By John Huggan
Six-under par after a splendid 66 on day one, Paul Casey began his second round in the 117th U.S. Open Championship on Erin Hills’ 10th tee and played his first two holes in one-under par. He then played the next ten holes in level par. Pretty dull huh?
Between the 12th tee and the third green Casey made only two pars. Also in the mix were a couple of bogeys, a triple-bogey eight on the long 14th and, just to round things off, five consecutive birdies.
By the way, the Englishman then completed the next six holes in level par. With six regulation figures.
Anyway, it all added up to a 71 that leaves the three-time Ryder Cup player on seven-under par after 36-holes and halfway towards what would be the biggest victory of the 39-year old’s life.
“It’s not every day you can enjoy a round with an eight on the card,” was Casey’s initial and smiling reaction to his roller-coaster day. “It was a good display of what can happen if you get out of position on this golf course, which is what I did. It was actually a good eight in the end.”
More importantly, Casey’s reaction to what could have seen the end of his chances was one of calmness. There was no hint of self-recrimination, something that has not always been the case over the course of the Arizona-resident’s career.
“It was difficult but I took my medicine,” he said. “There have been other times when I would have rebounded like that, but maybe not as calmly. I was upset with the score I had made, but in no way did it affect my attitude, or how I was going to approach the rest of the round or the next shot.”
Casey was honest enough to admit that such serenity might be a little harder to maintain over the next two days. But he will be doing his best to reproduce the attitude and shotmaking that has brought him this far.
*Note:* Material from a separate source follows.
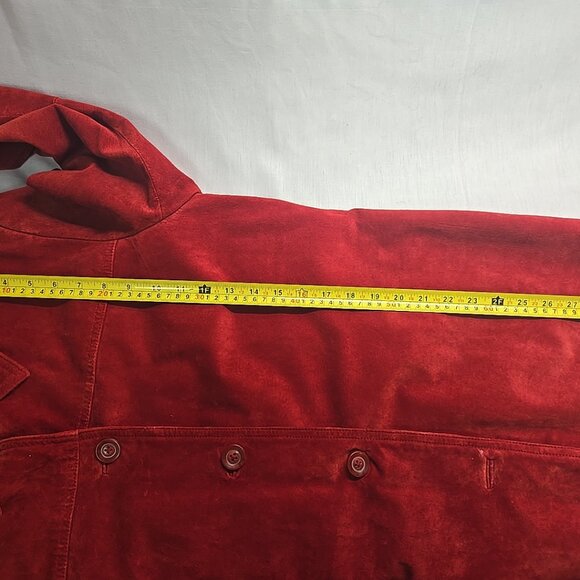 Vintage CHEROKEE Brand Suede Women Jacket Burgundy Red Washable Classic Sz L - Picture 9 of 9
“I want to be near the top tomorrow,” he said. “I want to be going into Sunday near the top. But those desires won’t affect the game plan one bit. It doesn’t really affect the mindset. There will probably be more nerves, more excitement. There is still a lot of golf to be played here. And I’ve shown what can happen with one bad swing. So you’ve got to be very, very patient and stay in the moment. I know it’s a cliché, but the last thing you need to be doing is thinking ahead, especially on this golf course.”
Then, of course, he did just that.
“If the sun stays like it is and the wind keeps baking the course out, it’s going to be pretty treacherous on the weekend,” Casey continued. “Which is just what I would like, and I think what the rest of the players want to see.”